=== Begin Enclosure ===
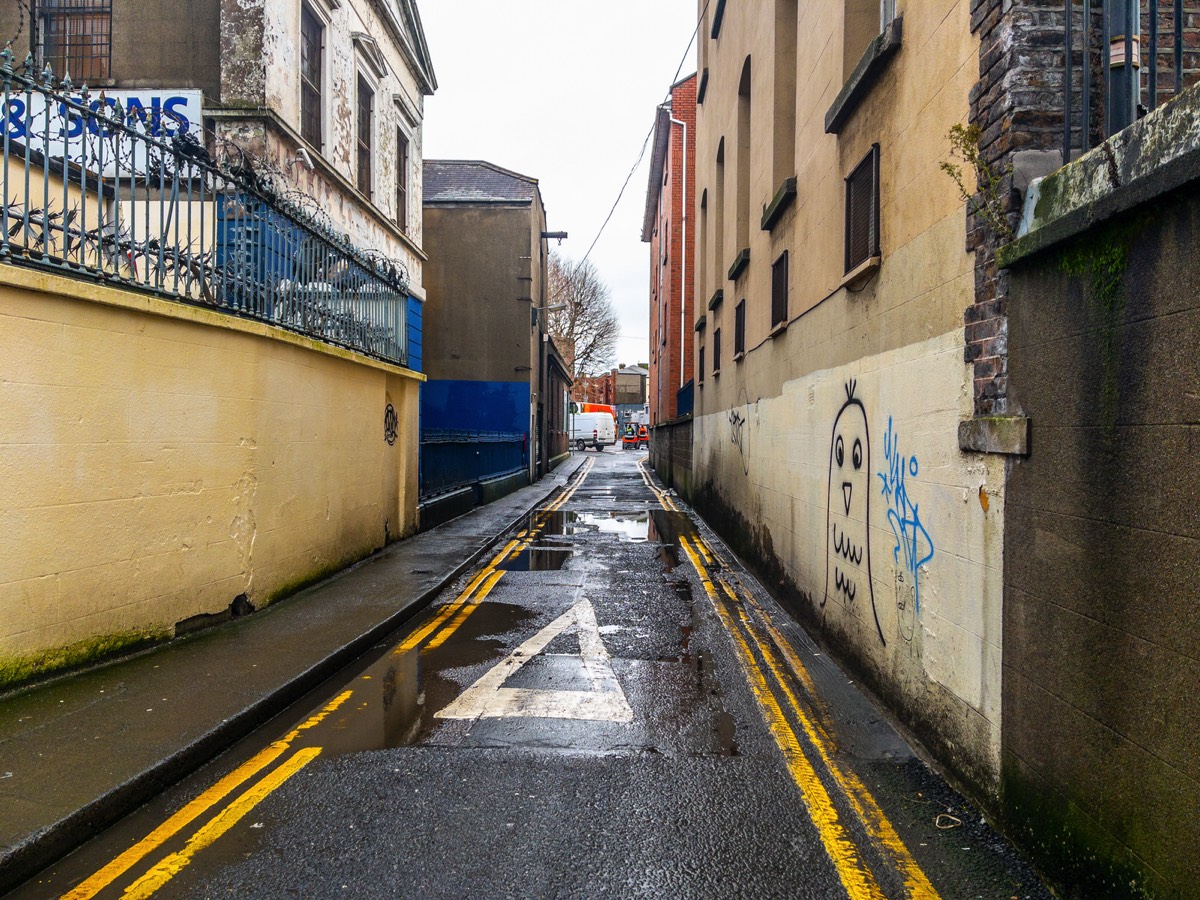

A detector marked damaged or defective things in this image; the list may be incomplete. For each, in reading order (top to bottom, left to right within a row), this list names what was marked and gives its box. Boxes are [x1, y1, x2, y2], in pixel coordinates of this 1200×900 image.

peeling paint wall [0, 267, 422, 681]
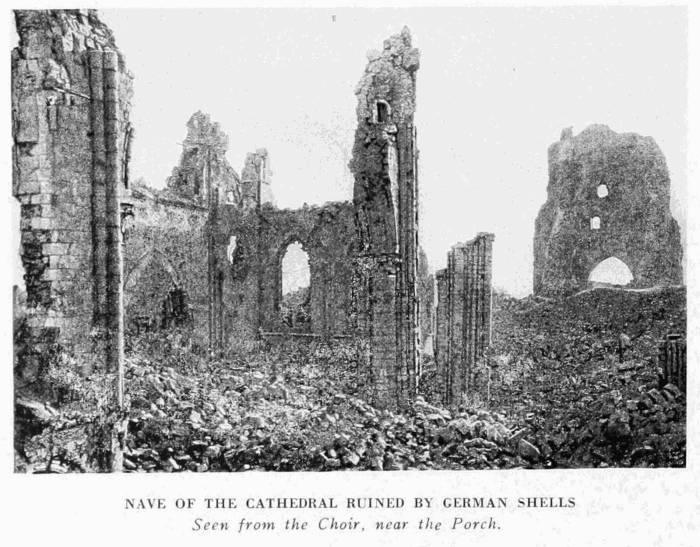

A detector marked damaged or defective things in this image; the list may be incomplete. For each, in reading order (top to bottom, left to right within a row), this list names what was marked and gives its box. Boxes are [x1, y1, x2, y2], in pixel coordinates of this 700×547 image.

damaged tower [350, 27, 422, 408]
broken pillar [350, 26, 422, 412]
broken pillar [434, 232, 494, 406]
broken pillar [532, 124, 680, 298]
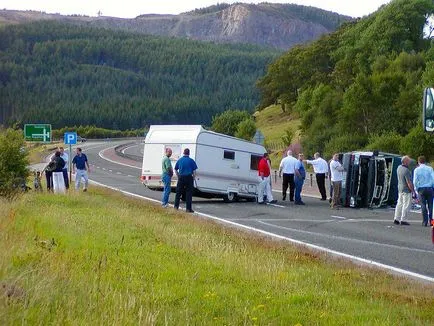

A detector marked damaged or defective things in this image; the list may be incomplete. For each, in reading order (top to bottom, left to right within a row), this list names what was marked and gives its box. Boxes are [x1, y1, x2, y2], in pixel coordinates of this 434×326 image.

overturned vehicle [340, 152, 406, 209]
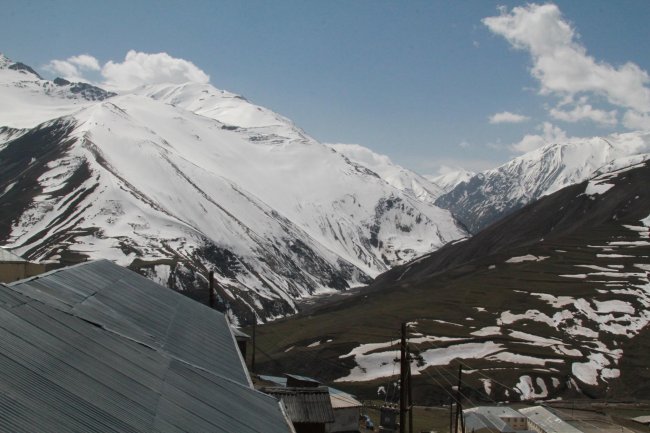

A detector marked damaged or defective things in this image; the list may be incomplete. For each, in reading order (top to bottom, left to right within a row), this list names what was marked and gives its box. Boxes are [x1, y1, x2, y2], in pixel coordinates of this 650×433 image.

rusty metal roof [0, 260, 292, 432]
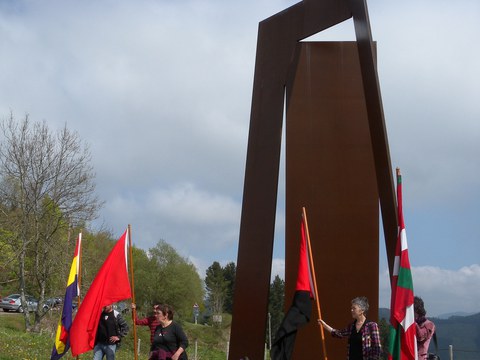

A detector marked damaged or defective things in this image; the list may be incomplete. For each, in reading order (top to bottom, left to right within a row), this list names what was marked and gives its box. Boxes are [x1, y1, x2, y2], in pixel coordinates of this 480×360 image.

rusted steel monument [229, 0, 398, 360]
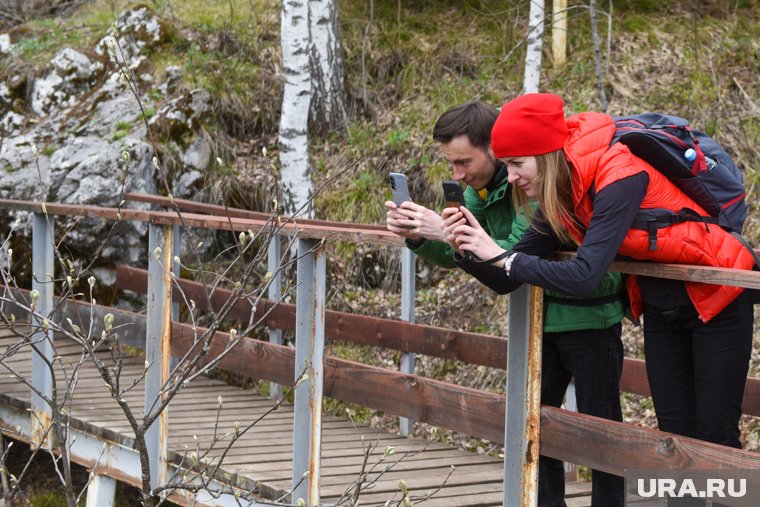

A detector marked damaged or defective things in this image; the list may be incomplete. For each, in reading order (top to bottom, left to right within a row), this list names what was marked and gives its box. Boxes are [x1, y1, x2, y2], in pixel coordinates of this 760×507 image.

rusty metal post [30, 212, 54, 446]
rusty metal post [143, 223, 171, 492]
rusty metal post [292, 239, 326, 507]
rusty metal post [398, 248, 416, 438]
rusty metal post [502, 286, 544, 507]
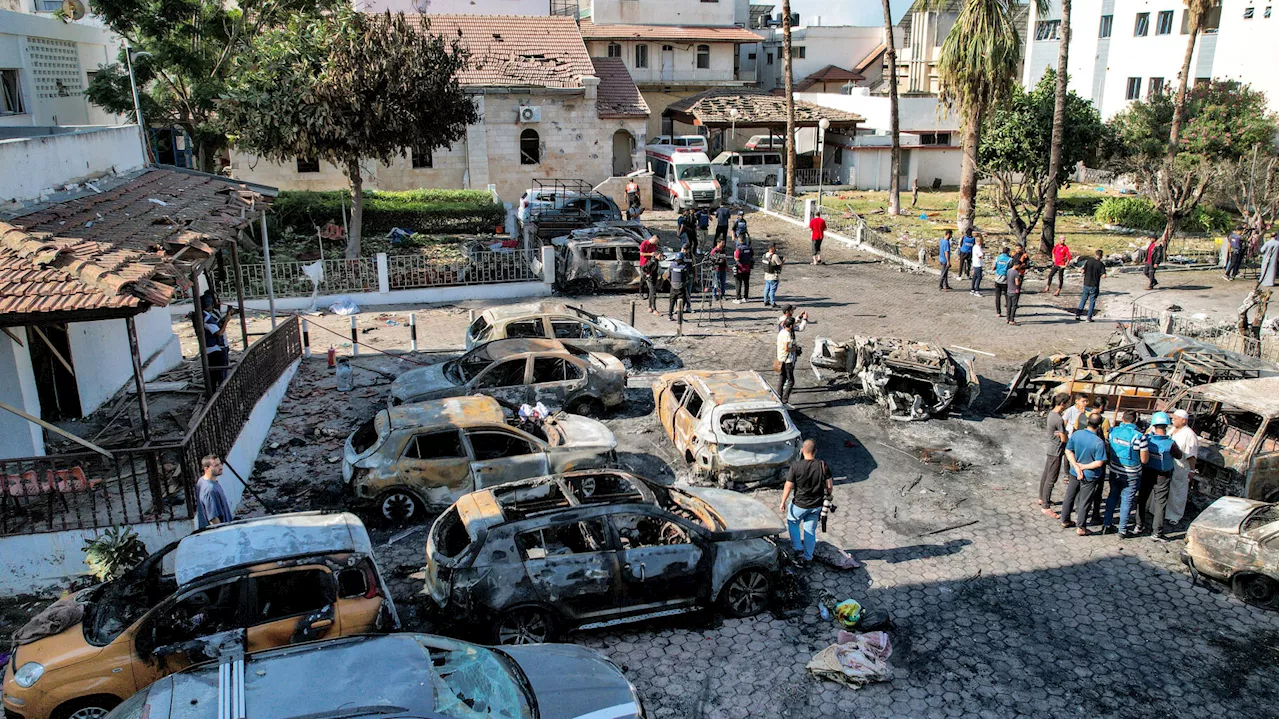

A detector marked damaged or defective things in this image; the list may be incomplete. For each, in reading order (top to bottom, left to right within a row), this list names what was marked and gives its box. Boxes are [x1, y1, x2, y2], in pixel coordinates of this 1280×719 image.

damaged roof [409, 15, 599, 88]
damaged roof [588, 56, 650, 117]
damaged roof [0, 166, 270, 323]
burned car [465, 299, 655, 358]
burnt-out vehicle [465, 300, 655, 358]
burned car hood [389, 363, 455, 404]
burned car [389, 337, 629, 414]
burnt-out vehicle [389, 337, 629, 414]
burned car [808, 335, 977, 419]
burnt-out vehicle [808, 335, 977, 419]
charred car wreck [808, 335, 977, 419]
wrecked car chassis [808, 335, 977, 419]
burnt car door [394, 427, 476, 501]
burned car [343, 394, 616, 516]
burnt-out vehicle [343, 391, 616, 519]
burnt car door [468, 424, 552, 486]
burned car [650, 368, 798, 486]
burnt-out vehicle [650, 368, 798, 486]
burned car [1162, 376, 1280, 504]
burnt-out vehicle [1162, 376, 1280, 504]
damaged roof [174, 509, 371, 583]
burnt car door [517, 511, 622, 619]
burned car [427, 468, 778, 639]
burnt-out vehicle [424, 468, 783, 639]
burnt car door [606, 509, 706, 608]
burned car hood [686, 483, 783, 534]
burned car [1177, 496, 1280, 606]
burnt-out vehicle [1177, 496, 1280, 606]
burned car [1, 511, 394, 716]
burnt-out vehicle [2, 511, 394, 716]
burned car [110, 632, 645, 716]
shattered windshield [409, 634, 529, 711]
burned car hood [499, 639, 640, 716]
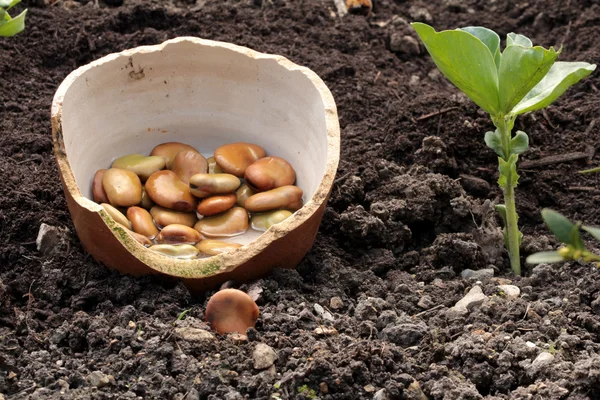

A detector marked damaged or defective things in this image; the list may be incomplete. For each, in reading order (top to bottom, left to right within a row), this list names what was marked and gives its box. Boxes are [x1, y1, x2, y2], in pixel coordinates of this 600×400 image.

broken pot rim [50, 37, 342, 280]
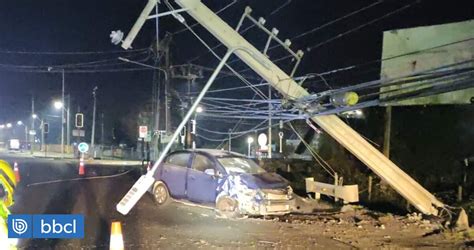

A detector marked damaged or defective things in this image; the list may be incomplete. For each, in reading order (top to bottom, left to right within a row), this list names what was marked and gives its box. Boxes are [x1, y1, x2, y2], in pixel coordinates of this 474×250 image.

damaged blue car [150, 148, 294, 217]
crumpled car hood [237, 172, 288, 189]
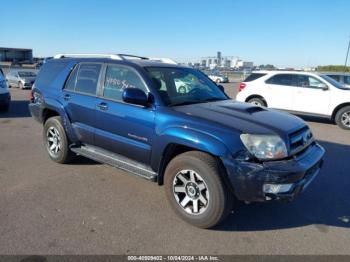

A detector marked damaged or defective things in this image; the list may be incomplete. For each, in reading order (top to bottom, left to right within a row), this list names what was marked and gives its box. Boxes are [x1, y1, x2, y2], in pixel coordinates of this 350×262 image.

cracked headlight [241, 134, 288, 161]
=== End Enclosure ===
• _What is needed_
The lines from the one holding "this 350×262 image." to the last line of the entries, both included: retype them exactly and give nothing else.

• _Result of the task_
A detector marked damaged or defective things in this image; the list may be incomplete. For each, in reading order (top to bottom, left to right within a row), this list names what was marked and gives its box. Boxes are [x1, y1, x2, y2], in pixel coordinates of this 350×262 image.

cracked headlight [241, 134, 288, 161]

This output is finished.